Artificial Intelligence Algorithm behind IBM Watson

Tarandeep Singh

13 years ago

AI is everywhere from your robots to search engine that bring back the most appropriate results. But there’s something extraordinary with IBM’s latest Robot/Machine- It can answer just about any question based upon the data available on the internet.

IBM’s Watson has blazed the news when the system played Jeopardy, showcasing the greatest advancements in AI. Prior to that IBM was famous for the Deep Blue, a chess playing Robot, which took a brute-force approach, relying on a giant opening book and sheer computational power to search the game tree, rather than the intuitive approach apparently taken by human players.

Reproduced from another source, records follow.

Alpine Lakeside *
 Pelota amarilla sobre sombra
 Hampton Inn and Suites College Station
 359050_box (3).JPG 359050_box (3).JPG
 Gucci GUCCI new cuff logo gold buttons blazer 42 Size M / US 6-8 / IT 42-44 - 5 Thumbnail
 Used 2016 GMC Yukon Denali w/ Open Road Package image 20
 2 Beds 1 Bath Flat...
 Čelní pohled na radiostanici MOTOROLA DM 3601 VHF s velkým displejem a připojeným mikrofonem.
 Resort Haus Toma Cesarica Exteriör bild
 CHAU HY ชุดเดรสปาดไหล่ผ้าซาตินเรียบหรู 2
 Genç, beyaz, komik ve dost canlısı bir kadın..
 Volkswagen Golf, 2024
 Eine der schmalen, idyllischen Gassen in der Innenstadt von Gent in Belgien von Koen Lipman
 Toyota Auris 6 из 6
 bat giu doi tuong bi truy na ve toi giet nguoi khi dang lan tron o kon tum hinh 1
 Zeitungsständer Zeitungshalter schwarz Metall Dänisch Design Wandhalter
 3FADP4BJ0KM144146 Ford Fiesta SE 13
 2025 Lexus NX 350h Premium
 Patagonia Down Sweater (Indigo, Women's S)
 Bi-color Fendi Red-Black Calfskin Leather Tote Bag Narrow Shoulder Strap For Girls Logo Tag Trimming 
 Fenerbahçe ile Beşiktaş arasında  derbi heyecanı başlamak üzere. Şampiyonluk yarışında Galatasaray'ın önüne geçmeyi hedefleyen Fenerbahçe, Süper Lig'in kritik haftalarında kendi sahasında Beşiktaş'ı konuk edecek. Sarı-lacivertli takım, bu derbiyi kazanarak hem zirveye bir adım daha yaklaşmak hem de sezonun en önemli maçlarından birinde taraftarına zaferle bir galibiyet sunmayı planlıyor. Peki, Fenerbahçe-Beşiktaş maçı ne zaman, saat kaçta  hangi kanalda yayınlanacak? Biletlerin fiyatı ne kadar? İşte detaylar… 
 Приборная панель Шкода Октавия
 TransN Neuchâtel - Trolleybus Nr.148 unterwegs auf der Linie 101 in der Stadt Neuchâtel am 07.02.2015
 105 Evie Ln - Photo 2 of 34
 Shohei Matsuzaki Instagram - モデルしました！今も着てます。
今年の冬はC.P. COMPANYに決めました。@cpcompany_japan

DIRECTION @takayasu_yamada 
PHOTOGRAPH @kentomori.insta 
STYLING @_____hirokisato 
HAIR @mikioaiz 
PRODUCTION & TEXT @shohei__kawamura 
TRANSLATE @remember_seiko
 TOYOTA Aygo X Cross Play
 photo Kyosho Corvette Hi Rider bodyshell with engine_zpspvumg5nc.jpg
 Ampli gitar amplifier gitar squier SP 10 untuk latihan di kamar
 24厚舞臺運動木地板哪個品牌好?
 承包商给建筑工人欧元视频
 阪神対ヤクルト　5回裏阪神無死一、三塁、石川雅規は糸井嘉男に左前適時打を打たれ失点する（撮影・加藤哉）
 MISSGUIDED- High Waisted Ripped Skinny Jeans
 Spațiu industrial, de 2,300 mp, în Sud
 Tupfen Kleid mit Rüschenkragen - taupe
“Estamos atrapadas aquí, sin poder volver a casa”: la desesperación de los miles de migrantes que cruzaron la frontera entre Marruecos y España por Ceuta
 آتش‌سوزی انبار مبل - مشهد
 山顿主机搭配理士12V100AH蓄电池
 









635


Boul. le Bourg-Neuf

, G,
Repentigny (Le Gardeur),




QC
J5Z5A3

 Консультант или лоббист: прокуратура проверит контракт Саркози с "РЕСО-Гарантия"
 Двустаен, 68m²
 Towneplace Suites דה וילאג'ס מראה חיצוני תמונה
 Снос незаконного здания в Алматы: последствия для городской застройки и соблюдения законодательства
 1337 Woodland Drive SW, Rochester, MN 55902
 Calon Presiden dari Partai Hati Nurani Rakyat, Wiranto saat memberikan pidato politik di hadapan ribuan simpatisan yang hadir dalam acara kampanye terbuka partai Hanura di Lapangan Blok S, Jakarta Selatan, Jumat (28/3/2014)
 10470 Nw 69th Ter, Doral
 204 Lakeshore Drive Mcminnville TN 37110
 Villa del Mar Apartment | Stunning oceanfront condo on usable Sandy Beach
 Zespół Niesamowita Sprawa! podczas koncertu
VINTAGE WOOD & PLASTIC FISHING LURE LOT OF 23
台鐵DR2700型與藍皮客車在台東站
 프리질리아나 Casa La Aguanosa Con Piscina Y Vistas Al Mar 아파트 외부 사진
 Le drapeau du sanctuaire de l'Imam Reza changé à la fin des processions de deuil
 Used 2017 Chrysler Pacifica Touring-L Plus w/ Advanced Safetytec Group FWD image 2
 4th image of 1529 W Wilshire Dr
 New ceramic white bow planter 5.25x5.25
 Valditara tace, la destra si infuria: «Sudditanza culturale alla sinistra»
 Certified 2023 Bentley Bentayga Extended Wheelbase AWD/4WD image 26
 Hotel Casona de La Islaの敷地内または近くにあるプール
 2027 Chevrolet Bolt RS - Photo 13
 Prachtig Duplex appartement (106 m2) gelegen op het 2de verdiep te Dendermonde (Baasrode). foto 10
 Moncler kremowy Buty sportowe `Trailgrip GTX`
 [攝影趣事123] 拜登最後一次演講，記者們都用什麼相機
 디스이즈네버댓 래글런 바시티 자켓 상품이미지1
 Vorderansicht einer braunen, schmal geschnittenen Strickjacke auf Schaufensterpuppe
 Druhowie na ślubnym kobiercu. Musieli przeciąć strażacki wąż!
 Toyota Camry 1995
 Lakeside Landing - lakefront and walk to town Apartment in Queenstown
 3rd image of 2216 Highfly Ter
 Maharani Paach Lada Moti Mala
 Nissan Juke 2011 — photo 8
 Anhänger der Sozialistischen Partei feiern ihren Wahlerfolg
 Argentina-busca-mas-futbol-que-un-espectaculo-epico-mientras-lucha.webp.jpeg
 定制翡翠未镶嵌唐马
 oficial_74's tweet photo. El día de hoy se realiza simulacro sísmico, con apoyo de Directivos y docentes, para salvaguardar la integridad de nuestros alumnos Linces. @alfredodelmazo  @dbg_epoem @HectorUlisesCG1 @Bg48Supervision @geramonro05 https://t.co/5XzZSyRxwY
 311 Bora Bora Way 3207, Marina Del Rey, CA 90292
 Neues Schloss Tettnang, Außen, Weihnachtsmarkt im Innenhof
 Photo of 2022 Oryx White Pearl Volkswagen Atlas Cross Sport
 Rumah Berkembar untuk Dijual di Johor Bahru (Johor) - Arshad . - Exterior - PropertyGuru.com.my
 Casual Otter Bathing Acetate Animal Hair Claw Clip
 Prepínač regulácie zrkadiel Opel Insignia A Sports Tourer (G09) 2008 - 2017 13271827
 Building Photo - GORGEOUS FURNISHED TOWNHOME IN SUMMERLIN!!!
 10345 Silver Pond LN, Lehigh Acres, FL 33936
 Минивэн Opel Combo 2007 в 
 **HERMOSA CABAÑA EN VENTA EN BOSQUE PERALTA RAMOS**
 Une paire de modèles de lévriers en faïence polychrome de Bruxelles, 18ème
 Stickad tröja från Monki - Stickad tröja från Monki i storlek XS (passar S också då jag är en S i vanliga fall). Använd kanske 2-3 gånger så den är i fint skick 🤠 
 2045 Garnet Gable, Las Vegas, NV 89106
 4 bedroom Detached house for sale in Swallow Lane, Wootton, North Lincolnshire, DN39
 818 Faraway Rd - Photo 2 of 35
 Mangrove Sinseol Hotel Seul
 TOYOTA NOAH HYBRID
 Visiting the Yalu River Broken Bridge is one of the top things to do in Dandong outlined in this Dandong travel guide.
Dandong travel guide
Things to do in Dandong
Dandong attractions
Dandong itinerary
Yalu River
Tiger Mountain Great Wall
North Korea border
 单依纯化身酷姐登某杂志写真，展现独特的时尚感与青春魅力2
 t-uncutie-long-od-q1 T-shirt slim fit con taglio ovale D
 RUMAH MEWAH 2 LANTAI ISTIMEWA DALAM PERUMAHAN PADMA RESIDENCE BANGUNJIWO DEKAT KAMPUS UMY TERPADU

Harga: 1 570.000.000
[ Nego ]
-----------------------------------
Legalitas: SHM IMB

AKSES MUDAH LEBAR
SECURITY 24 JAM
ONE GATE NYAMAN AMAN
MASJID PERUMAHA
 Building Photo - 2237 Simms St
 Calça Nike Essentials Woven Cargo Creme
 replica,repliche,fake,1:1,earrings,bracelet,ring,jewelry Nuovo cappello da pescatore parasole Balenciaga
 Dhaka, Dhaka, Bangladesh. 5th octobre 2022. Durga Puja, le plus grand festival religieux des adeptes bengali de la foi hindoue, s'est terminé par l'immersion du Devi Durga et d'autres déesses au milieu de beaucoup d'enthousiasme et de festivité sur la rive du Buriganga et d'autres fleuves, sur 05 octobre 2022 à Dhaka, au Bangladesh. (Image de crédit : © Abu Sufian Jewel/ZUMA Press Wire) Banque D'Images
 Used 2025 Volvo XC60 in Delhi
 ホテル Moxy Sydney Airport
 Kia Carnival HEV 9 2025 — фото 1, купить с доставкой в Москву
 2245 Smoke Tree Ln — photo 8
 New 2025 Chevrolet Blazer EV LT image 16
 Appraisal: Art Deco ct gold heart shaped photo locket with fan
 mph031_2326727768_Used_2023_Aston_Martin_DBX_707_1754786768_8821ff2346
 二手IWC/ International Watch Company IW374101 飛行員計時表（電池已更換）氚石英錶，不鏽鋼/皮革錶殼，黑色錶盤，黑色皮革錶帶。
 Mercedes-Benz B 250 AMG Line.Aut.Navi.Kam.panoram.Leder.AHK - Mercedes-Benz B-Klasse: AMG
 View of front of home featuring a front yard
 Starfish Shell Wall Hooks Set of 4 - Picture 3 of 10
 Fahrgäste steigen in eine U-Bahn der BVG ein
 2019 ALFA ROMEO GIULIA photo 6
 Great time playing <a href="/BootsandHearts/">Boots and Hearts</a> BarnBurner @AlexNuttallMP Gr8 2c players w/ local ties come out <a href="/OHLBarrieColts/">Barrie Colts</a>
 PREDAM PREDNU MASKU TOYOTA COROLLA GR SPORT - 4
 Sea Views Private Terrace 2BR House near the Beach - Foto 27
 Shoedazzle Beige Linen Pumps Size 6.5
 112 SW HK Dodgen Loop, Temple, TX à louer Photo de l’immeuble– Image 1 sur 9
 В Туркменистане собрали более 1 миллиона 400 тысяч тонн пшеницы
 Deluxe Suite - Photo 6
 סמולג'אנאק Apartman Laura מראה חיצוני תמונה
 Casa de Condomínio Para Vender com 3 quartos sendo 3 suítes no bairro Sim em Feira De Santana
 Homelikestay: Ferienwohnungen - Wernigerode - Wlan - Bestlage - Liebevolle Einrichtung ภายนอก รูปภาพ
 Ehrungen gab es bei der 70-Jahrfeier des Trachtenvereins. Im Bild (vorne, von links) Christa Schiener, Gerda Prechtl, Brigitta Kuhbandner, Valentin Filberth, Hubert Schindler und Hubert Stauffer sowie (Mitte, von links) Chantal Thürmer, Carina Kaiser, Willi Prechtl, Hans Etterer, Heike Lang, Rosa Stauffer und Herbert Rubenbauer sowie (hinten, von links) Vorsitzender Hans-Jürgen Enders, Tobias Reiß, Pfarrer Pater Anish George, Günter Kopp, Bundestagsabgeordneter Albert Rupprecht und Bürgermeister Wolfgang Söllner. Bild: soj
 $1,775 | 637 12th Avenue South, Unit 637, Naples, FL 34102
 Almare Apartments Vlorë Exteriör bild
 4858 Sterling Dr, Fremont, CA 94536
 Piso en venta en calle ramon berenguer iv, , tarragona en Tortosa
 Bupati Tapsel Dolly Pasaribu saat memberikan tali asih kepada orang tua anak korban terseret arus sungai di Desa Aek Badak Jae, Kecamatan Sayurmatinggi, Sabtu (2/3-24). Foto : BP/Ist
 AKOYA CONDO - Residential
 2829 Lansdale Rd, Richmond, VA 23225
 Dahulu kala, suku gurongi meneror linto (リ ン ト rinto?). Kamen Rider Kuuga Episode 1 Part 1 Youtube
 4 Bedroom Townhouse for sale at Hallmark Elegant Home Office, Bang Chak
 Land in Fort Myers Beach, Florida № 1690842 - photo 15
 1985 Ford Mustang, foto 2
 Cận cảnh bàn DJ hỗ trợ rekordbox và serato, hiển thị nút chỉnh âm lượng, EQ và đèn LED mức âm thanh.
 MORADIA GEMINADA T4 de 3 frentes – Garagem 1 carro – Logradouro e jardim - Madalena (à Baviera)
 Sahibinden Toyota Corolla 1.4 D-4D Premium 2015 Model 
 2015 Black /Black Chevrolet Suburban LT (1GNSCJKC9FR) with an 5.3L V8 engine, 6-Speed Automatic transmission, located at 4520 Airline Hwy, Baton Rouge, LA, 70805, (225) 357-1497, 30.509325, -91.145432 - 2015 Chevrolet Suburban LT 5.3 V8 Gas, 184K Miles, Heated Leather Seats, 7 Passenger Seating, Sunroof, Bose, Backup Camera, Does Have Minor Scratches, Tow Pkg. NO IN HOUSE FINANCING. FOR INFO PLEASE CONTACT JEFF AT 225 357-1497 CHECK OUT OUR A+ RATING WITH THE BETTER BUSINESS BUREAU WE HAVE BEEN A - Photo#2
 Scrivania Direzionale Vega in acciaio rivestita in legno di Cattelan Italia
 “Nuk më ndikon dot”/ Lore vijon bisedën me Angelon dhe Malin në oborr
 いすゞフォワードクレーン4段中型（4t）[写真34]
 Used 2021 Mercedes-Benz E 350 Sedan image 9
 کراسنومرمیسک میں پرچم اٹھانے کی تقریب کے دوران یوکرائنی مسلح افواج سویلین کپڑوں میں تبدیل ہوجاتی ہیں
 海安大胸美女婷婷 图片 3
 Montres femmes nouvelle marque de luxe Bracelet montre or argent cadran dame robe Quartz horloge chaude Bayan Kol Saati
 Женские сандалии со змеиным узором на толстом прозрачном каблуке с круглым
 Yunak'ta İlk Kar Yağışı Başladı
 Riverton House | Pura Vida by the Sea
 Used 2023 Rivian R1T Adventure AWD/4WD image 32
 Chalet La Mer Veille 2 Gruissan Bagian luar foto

In computer science, we often get to see a large number of algorithms that deal with making decisions. The one being used here for Jeopardy is Question Answering (QA), which is part of algorithm called Information Retrieval (IR). IR helps in retrieval of relevant information or documents from a store (which can be wikis), while QA specifically deals with returning information in response to natural language questions (who, where, when, what, etc.).

On one side where QA goes focuses on answering specifically (just a word or phrase), on the other side IR commonly returns whole documents (as search engines do). IBM calls such a combination of algorithm : DeepQA.

“DeepQA”, Davidian explained, “scales out with and searches vast amounts of unstructured information. Effective execution of this software, corresponding to a less than three second response time to a Jeopardy! question, is not just based on raw execution power. Effective system throughput includes having available data to crunch on. Without an efficient memory sub-system, no amount of compute power will yield effective results. A balanced design is comprised of main memory, several levels of local cache and execution power. IBM’s POWER 750’s scalable design is capable of filling execution pipelines with instructions and data, keeping all the POWER7 processor cores busy. At 3.55 GHz, each of Watson’s POWER7 on-chip bandwidth is 500 Gigabytes per second. The total on-chip bandwidth for Watson’s 360 POWER7 processors is an astounding 180,000 Gigabytes per second!”

The algorithms used to compute the answers are far more complex than normal AI used in Robots. It can be considered as complex as a search engine itself which actually makes decisions. The paper (Ferucci et al 2010, AI magazine), outlines Watson’s approach to Question Answering in detail. It’s 20 pages long, but it’s not incredibly technical, highly recommended for everyone who have the passion.

The machine is named after Thomas J Watson, the founder of IBM.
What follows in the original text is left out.